Teman ini menyesalkan kebijakan pesantren karena tidak memahami kondisi keuangannya yang sedang morat marit karena usahanya yang sedang mengalami penurunan omzet.

Ini bagaimana sih, lembaga pendidikan Islam kok tega banget. Katanya Islam kok begini, gumamnya.

Saya sendiri pernah mengalaminya. Saya tertunda 4 tahun untuk wisuda S2 dikarenakan memiliki tunggakan berbagai jenis biaya pendidikan pasca sarjana.

Sebetulnya siapa sih yang salah? Menurut saya tidak ada yang salah.

Lembaga pendidikan Islam juga ingin agar operasional lembaganya berjalan dengan baik. Lembaga pendidikan Islam juga harus membayar gaji guru dan seluruh biaya-biaya tepat waktu.

Lembaga pendidikan Islam juga berupaya memberikan sistem pendidikan yang terbaik dengan sarana dan pra sarana yang memadai dan itu semua modal utamanya adalah keberlangsungan dana yang hampir seluruhnya berasal dari siswa.

Sebagai pengelola lembaga pendidikan Islam, kami juga sangat kelabakan jika pembayaran spp hanya mencapai rata2 60% setiap bulannya, sedangkan yang 40% menunggak pembayaran.

Bahkan ada beberapa siswa yang berhutang sampai 7 juta.
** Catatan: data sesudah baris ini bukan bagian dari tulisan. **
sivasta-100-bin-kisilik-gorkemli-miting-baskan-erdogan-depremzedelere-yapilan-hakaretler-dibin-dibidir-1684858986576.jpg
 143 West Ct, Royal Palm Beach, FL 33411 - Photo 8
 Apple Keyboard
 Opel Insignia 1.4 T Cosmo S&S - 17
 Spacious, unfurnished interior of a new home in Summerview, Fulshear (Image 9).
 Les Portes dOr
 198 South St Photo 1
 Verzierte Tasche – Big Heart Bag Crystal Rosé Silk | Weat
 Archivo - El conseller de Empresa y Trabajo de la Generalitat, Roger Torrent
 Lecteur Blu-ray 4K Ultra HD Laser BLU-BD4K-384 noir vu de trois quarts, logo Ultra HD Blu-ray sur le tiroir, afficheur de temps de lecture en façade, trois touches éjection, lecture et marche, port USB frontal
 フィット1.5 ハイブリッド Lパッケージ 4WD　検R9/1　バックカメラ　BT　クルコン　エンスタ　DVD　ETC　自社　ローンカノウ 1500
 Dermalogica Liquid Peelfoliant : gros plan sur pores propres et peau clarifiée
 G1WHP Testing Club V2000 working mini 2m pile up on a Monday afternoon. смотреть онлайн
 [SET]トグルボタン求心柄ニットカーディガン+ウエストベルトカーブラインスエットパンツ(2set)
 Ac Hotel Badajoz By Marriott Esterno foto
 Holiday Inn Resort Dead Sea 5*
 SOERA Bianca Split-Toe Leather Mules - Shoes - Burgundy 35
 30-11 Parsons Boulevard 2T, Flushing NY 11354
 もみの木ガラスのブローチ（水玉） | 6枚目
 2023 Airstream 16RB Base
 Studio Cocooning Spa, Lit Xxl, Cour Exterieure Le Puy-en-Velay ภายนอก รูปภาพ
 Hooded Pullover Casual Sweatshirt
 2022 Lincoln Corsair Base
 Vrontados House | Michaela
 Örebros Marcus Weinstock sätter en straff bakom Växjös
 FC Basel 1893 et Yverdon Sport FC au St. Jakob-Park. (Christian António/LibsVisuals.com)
Kok bisa? Iya karena hampir setiap bulan tidak membayar spp. Ketika ditagih, orang tuanya bilang “tega amat sih sama teman sendiri”.

Sekitar tahun 2009 saya juga terpaksa menyekolahkan anak pertama dan kedua di sekolah gratis. Hal ini dikarenakan menyekolahkan anak di sekolah swasta cukup memberatkan ketika itu. Tidak masalah, daripada memiliki hutang yang entah kapan kita bisa membayarnya ke sekolah swasta.

Oleh karenanya, di sekolah yang kami kelola sekarang, anak yatim tidak mampu kami bebaskan dari segala pungutan biaya.